> _Your objective_: A word-for-word copy of the lines below, starting at the line with "Samsung NX30 Camera.20" and ending at the last one, is what you should give. Omit every picture.

> _Data below_:
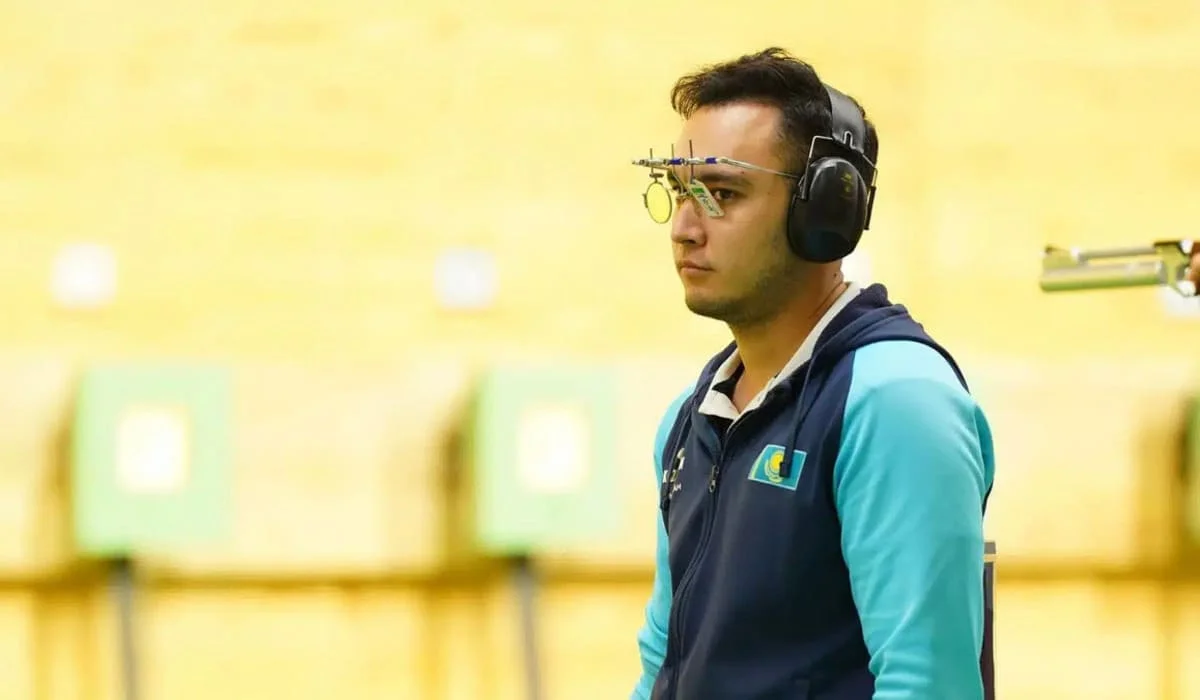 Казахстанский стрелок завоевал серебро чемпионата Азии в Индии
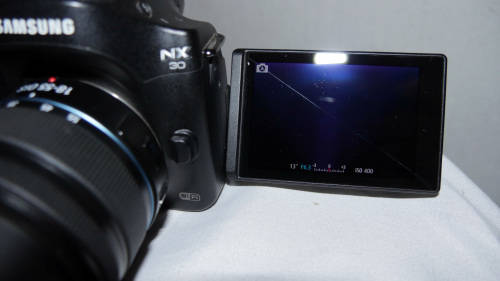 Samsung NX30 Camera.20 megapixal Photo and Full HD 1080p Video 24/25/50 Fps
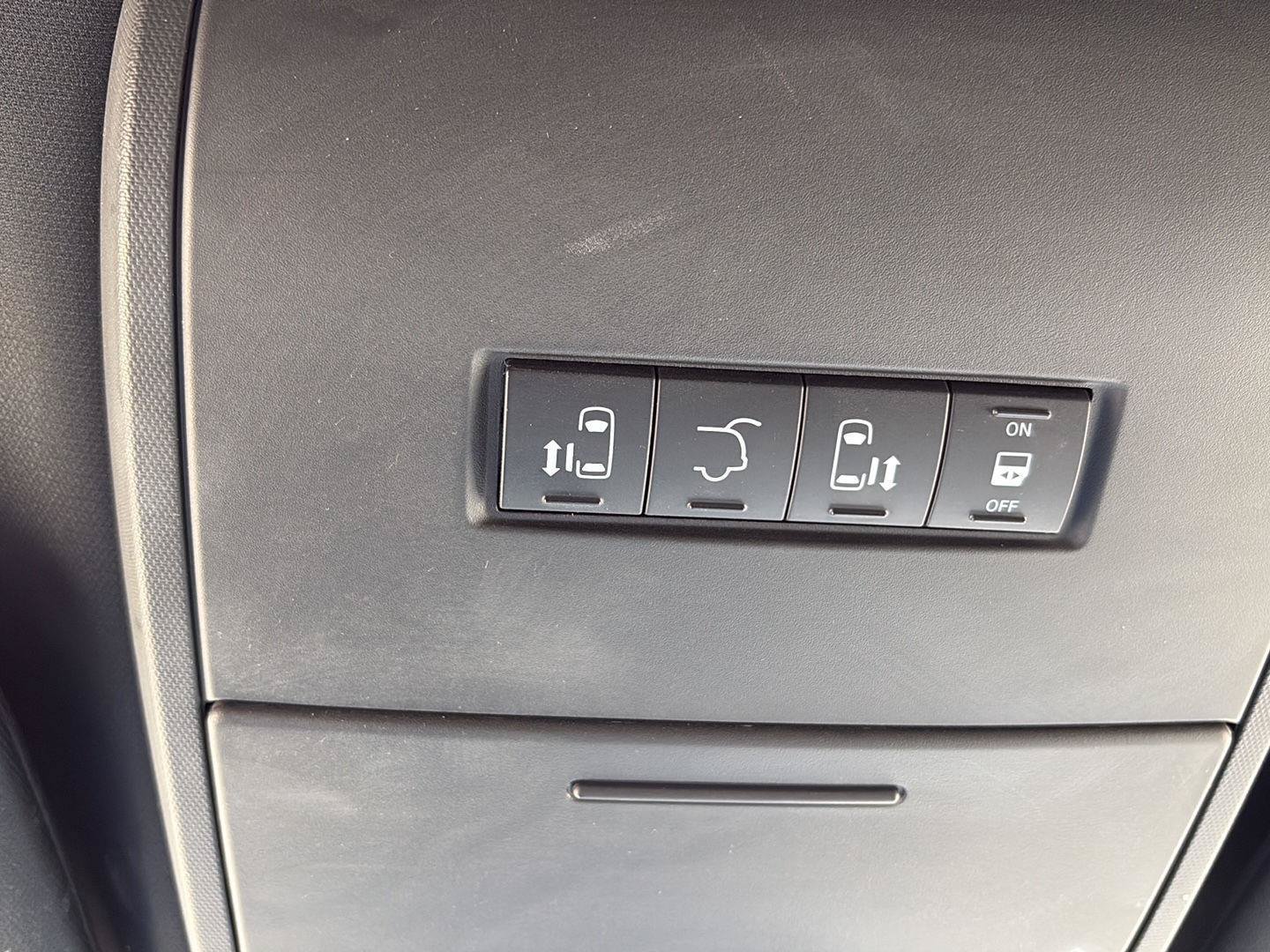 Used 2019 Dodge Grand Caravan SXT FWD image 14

> _Exercise response_:
 Samsung NX30 Camera.20 megapixal Photo and Full HD 1080p Video 24/25/50 Fps
 Used 2019 Dodge Grand Caravan SXT FWD image 14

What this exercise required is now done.